La communauté du génie structural reconnaît largement les composites en polymère renforcé de fibres de carbone (PRFC) collés extérieurement comme une méthode polyvalente pour le renforcement en flexion des poutres en béton armé. L'efficacité de cette technique dépend du transfert fiable des forces entre le PRFC et le substrat en béton. Comprendre les mécanismes fondamentaux de transfert de charge — en particulier les rôles des contraintes de cisaillement et normales à l'interface — est essentiel pour une conception sûre et efficace. Cet article explore ces mécanismes de transfert de contraintes, en mettant en évidence les principes clés des directives de conception établies comme l'ACI 440.2R et la série de bulletins fib, sans approuver de système propriétaire.
Fondamentaux du renforcement en flexion avec PRFC
Lorsqu'une poutre en béton est renforcée en flexion avec du PRFC collé extérieurement, le composite agit comme un renforcement de traction supplémentaire.

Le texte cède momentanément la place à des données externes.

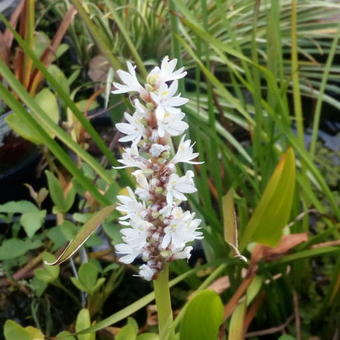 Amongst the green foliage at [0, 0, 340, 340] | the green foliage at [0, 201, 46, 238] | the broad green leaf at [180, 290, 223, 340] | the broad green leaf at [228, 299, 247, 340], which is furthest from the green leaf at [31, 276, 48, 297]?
the broad green leaf at [180, 290, 223, 340]

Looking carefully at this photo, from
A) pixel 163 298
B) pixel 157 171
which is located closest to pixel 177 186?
pixel 157 171

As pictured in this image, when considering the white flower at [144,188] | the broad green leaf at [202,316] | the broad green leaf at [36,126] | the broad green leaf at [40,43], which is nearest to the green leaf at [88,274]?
the broad green leaf at [36,126]

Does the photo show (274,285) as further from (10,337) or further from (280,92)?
(10,337)

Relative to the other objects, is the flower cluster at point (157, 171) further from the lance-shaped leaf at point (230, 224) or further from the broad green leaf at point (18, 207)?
the broad green leaf at point (18, 207)

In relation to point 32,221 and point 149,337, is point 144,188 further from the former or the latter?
point 32,221

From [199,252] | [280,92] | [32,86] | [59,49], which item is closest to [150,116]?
[280,92]

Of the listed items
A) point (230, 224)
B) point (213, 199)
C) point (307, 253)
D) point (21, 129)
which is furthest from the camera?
point (213, 199) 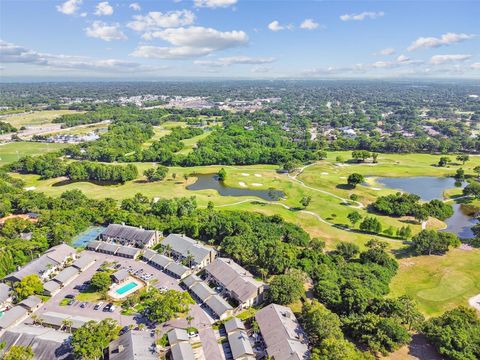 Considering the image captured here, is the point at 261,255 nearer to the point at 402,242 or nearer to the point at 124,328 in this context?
the point at 124,328

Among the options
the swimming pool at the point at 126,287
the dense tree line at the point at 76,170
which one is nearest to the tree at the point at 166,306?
the swimming pool at the point at 126,287

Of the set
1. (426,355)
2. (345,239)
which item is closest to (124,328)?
(426,355)

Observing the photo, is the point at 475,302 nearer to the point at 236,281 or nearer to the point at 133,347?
the point at 236,281

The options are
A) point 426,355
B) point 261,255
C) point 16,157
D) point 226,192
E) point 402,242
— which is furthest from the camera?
point 16,157

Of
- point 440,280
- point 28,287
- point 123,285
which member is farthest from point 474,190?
point 28,287

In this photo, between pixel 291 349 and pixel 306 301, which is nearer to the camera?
pixel 291 349

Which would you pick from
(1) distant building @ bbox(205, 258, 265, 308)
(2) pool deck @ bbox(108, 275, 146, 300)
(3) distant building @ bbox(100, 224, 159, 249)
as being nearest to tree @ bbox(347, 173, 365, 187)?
(1) distant building @ bbox(205, 258, 265, 308)

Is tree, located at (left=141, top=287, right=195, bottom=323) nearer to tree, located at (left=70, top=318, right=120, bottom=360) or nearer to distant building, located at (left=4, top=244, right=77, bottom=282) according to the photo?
tree, located at (left=70, top=318, right=120, bottom=360)

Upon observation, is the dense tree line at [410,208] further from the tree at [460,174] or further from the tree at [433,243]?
the tree at [460,174]
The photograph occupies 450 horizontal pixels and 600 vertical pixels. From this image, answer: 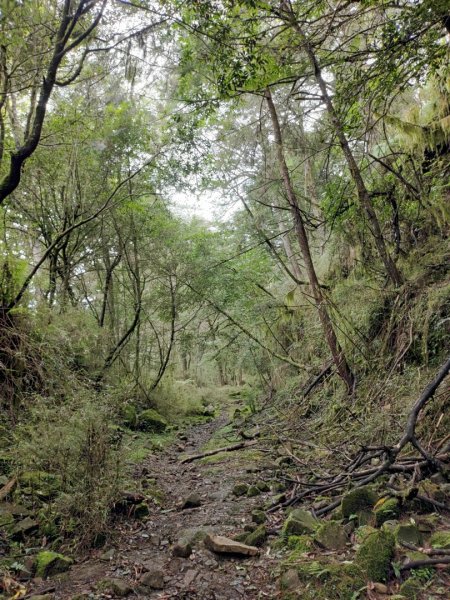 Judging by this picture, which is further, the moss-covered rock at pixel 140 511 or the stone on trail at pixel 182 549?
the moss-covered rock at pixel 140 511

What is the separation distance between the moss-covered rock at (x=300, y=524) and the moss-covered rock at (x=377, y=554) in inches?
28.8

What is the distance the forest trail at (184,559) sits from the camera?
2.67m

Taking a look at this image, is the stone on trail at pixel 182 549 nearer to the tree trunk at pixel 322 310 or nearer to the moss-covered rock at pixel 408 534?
the moss-covered rock at pixel 408 534

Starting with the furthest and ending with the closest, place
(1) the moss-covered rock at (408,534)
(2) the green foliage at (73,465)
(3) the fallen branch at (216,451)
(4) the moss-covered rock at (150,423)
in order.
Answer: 1. (4) the moss-covered rock at (150,423)
2. (3) the fallen branch at (216,451)
3. (2) the green foliage at (73,465)
4. (1) the moss-covered rock at (408,534)

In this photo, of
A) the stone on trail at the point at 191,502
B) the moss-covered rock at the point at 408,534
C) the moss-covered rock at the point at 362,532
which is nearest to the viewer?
the moss-covered rock at the point at 408,534

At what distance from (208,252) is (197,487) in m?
7.61

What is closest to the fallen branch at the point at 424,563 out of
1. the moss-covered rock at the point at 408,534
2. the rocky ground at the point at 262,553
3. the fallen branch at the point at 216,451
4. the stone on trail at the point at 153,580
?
the rocky ground at the point at 262,553

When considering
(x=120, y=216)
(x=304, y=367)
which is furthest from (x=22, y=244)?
(x=304, y=367)

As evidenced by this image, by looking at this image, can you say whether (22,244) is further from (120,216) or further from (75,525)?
(75,525)

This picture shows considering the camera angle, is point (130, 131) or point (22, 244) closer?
point (22, 244)

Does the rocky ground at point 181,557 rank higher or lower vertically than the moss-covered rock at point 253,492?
higher

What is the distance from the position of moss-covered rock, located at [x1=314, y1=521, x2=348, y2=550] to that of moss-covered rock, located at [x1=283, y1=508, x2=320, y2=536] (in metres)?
0.22

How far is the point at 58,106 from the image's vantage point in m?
7.59

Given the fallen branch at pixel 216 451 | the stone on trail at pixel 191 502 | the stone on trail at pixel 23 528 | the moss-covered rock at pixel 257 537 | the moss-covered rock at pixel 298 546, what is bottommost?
the fallen branch at pixel 216 451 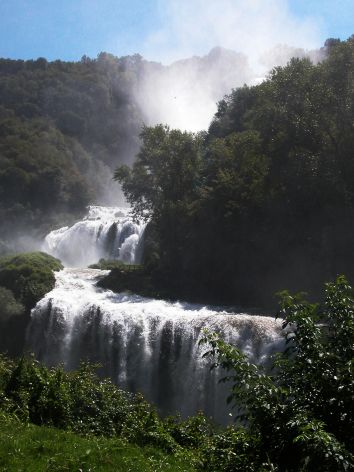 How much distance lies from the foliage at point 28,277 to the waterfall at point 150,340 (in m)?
1.18

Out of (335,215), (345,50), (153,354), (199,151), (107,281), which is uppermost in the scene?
(345,50)

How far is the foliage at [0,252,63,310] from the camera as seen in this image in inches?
1193

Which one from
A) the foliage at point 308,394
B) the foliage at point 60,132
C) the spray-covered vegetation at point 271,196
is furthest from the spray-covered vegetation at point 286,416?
the foliage at point 60,132

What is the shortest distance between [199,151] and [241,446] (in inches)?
1316

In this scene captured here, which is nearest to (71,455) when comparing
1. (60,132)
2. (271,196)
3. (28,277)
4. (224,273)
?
(28,277)

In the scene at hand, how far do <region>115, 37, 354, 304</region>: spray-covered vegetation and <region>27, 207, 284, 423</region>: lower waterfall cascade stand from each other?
522 centimetres

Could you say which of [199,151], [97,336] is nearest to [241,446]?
[97,336]

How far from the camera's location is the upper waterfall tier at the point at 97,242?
155 feet

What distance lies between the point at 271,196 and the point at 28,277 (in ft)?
48.1

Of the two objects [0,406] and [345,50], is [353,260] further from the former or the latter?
[0,406]

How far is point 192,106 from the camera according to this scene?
4983 inches

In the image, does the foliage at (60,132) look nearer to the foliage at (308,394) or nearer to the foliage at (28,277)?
the foliage at (28,277)

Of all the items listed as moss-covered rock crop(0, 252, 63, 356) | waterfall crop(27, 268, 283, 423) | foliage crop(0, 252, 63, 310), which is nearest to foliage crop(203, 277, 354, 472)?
waterfall crop(27, 268, 283, 423)

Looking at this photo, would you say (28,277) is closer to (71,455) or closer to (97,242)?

Sous charge croissante, le béton dans la zone de traction se fissure, et les efforts de traction sont supportés par l'armature en acier interne et le PRFC externe. Pour que le PRFC contribue efficacement, des contraintes de cisaillement longitudinales doivent se développer le long de l'interface collée pour transférer la force du béton au composite. Ces contraintes de cisaillement varient le long du laminé et sont les plus élevées près des extrémités et aux emplacements des fissures de flexion. La distribution de la contrainte de cisaillement est régie par la rigidité du PRFC, les propriétés de liaison de l'adhésif et la rigidité locale du substrat en béton.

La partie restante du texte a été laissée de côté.